Quick Answer: This question evaluates the ability to traverse and manipulate nested JSON-like structures, emphasizing concepts such as recursion or iterative traversal, array indexing, and path string construction; it tests data structures and serialization knowledge within the Coding & Algorithms domain and targets practical implementation skills for a software engineer role. It is commonly asked to assess how interviewees flatten hierarchical payloads for data processing or API normalization, reason about mixed object/array edge cases, and map hierarchical paths to primitive values.

You are given a nested JSON-like object. Each value may be another dictionary, a list, or a primitive value. Flatten the structure into a dictionary that maps each primitive value to its full path. Use `.` between object keys and `[i]` for list indices. The root has no leading separator. Empty dictionaries and empty lists do not produce any entries.

Constraints

  • The root input is a dictionary.
  • 0 <= total number of dictionary entries and list elements <= 100000.
  • Keys are strings and do not contain `.`, `[` or `]`.
  • Values are dictionaries, lists, or primitive JSON-like values (`str`, `int`, `float`, `bool`, `None`).
  • Order of entries in the returned dictionary does not matter.

Examples

Input: ({"a": 1, "b": {"c": 2, "d": [3, 4]}, "e": [{"f": 5}, 6]},)

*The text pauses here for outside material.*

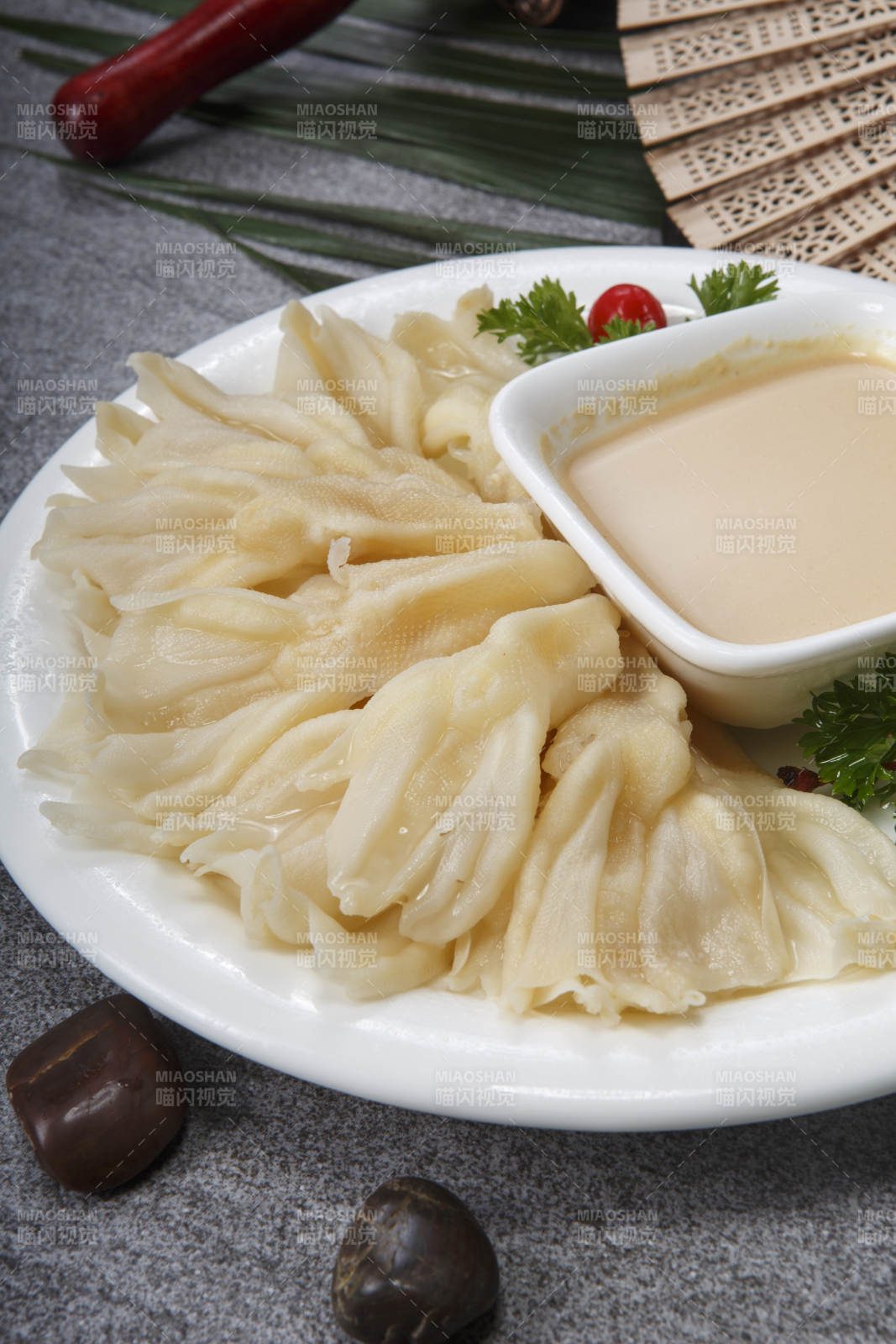 芥末百花炖鸭掌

Expected Output: {"a": 1, "b.c": 2, "b.d[0]": 3, "b.d[1]": 4, "e[0].f": 5, "e[1]": 6}

Explanation: Each primitive value is mapped to its full path through nested dictionaries and lists.

Input: ({},)

Expected Output: {}

Explanation: An empty object has no primitive values, so the flattened result is empty.

Input: ({"x": None, "y": [True, {"z": -7}], "w": {"u": [False]}},)

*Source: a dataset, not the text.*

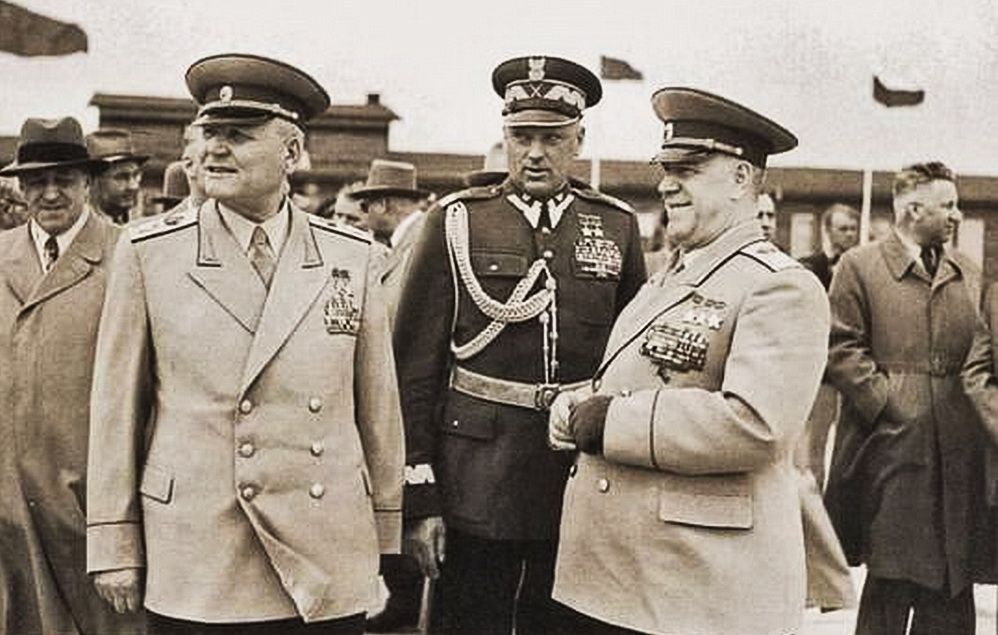 Константин Рокоссовский «jako marszałek Polski» (в центре фото). Это было колоссальным понижением статуса, он сознательно пошёл на это, но поляки его заслуг в полной мере не оценили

Expected Output: {"x": None, "y[0]": True, "y[1].z": -7, "w.u[0]": False}

Explanation: The solution must correctly handle `None`, booleans, and negative numbers inside nested lists and dictionaries.

Input: ({"a": [[1, 2], [], [{"b": 3}]], "c": {}},)

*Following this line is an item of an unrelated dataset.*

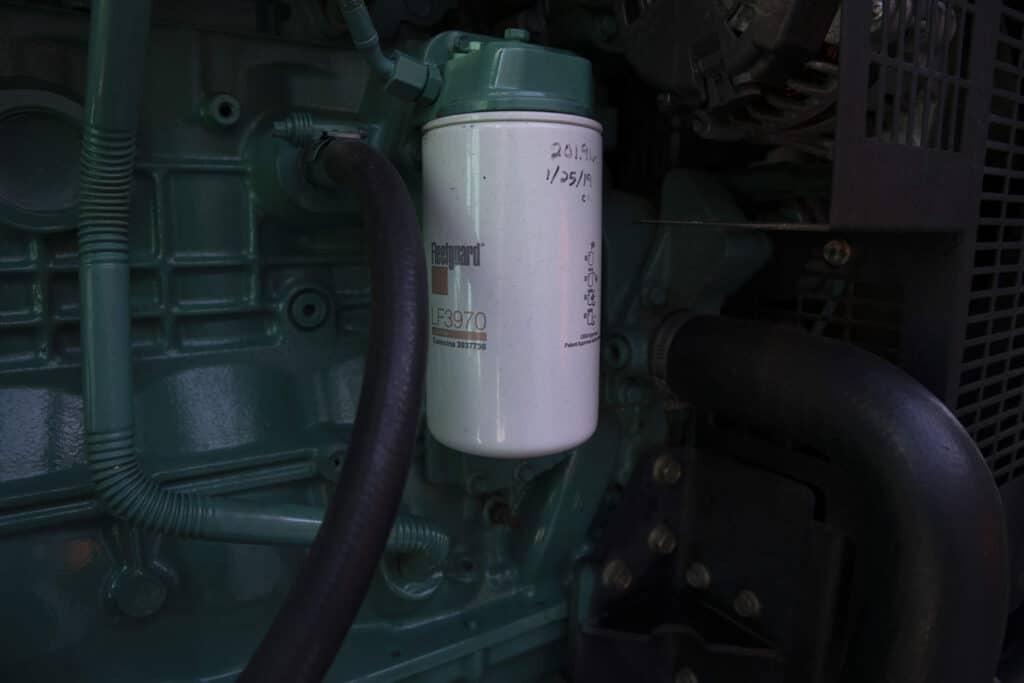 150 KW Cummins #DSGAC, diesel generator, weatherproof enclosure, 24 hr base tank, EPA Tier 3, 235 hours, 2007 - Image 4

Expected Output: {"a[0][0]": 1, "a[0][1]": 2, "a[2][0].b": 3}

Explanation: Nested lists can create paths with multiple index segments, and empty containers contribute no entries.

Input: ({"user": {"name": "Ana", "tags": ["dev", "ops"]}, "active": True},)

Expected Output: {"user.name": "Ana", "user.tags[0]": "dev", "user.tags[1]": "ops", "active": True}

Explanation: String values are primitives too, so they should appear in the flattened map.

Hints

  1. A depth-first traversal works well here: carry the current path as you move down the structure.
  2. When you move into a dictionary, append `.key` only if the current path is not empty; when you move into a list, append `[index]`.